My Twitter archive is over 6.4 gigabytes — more than 161,000 tweets over 15 years. It’s enough writing to fill about 10 books. What was going on when I tweeted, “Wait, which one?” in October 2008? I’ll never know.

I didn’t download the archive because I thought Twitter was going to die. Even my gravest fears about Elon Musk’s ownership did not involve him nuking the entire $44 billion property in under a month. But I did not want the sole record of my microblogging output to be owned by a red-pilled billionaire going through a midlife crisis.

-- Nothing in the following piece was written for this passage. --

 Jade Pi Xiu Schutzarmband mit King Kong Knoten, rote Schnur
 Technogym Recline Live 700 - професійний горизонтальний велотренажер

If Twitter survives — and I fervently hope it does — its near-death experience has revealed something fundamental about our online lives: the digital spaces of civic life, the “public town square” as Mr. Musk deemed Twitter, have been privatized, to our collective detriment. Before Mr. Musk bought Twitter, its co-founder and former C.E.O. Jack Dorsey said of the platform that no one should own it, that it “wants to be a public good at a protocol level.”

Twitter is where I spend a good deal of my life. That’s partly because I’m an inveterate poster and have been most of my life and also because it allows me to synthesize vast amounts of information very, very quickly. Unlike message boards that are segmented by interest (Reddit, for example), Twitter is a place where all kinds of perspectives and obscure expertise are instantly accessible and overlapping.

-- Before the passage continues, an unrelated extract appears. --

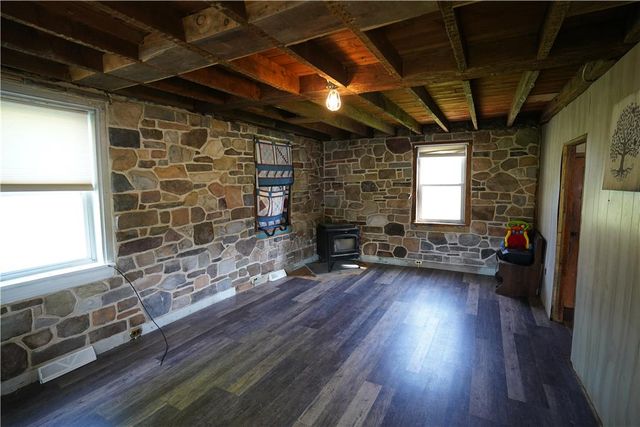 2094 East Scenic Drive, Moore Twp, PA 18014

This can be dangerous, sure. But if you find the right people, you can be instantly brought up to speed on everything from the fluctuations in lumber prices to the maintenance problems in the Russian tank fleet to the scouting report on the Welsh goalie. For someone in my line of work, it’s indispensable.

Twitter began as a place to share mundane updates on one’s life but morphed into an arena where something akin to the global conversation was taking place. It was never particularly good at making money; its stock price barely grew from the day it went public, and in terms of its number of global users, it never surpassed Facebook. But it came closest to executing on the core vision of what the global town square could look like.

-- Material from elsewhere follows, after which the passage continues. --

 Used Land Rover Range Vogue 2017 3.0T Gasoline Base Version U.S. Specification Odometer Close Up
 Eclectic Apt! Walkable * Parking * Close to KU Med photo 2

That’s why there was so much apprehension when Mr. Musk bought the site: No one man should have all that power. In under a month, almost all of the worst fears have manifested: He has solicitously courted some of the worst trolls, sent advertisers fleeing in droves and cut the staff down so radically that simple functions like two-factor authentication have at times stopped working and there’s a risk it will simply break down and stop working altogether.

Mr. Musk bought Twitter because he’s a Twitter addict and, more specifically, an extremely online attention addict. On his first day at Twitter he hauled around a bathroom sink to make an obscure, very online joke likely poking fun at a certain earnest kind of Twitter user (usually a liberal) who posts something appalling but also banal and says, “Let that sink in.”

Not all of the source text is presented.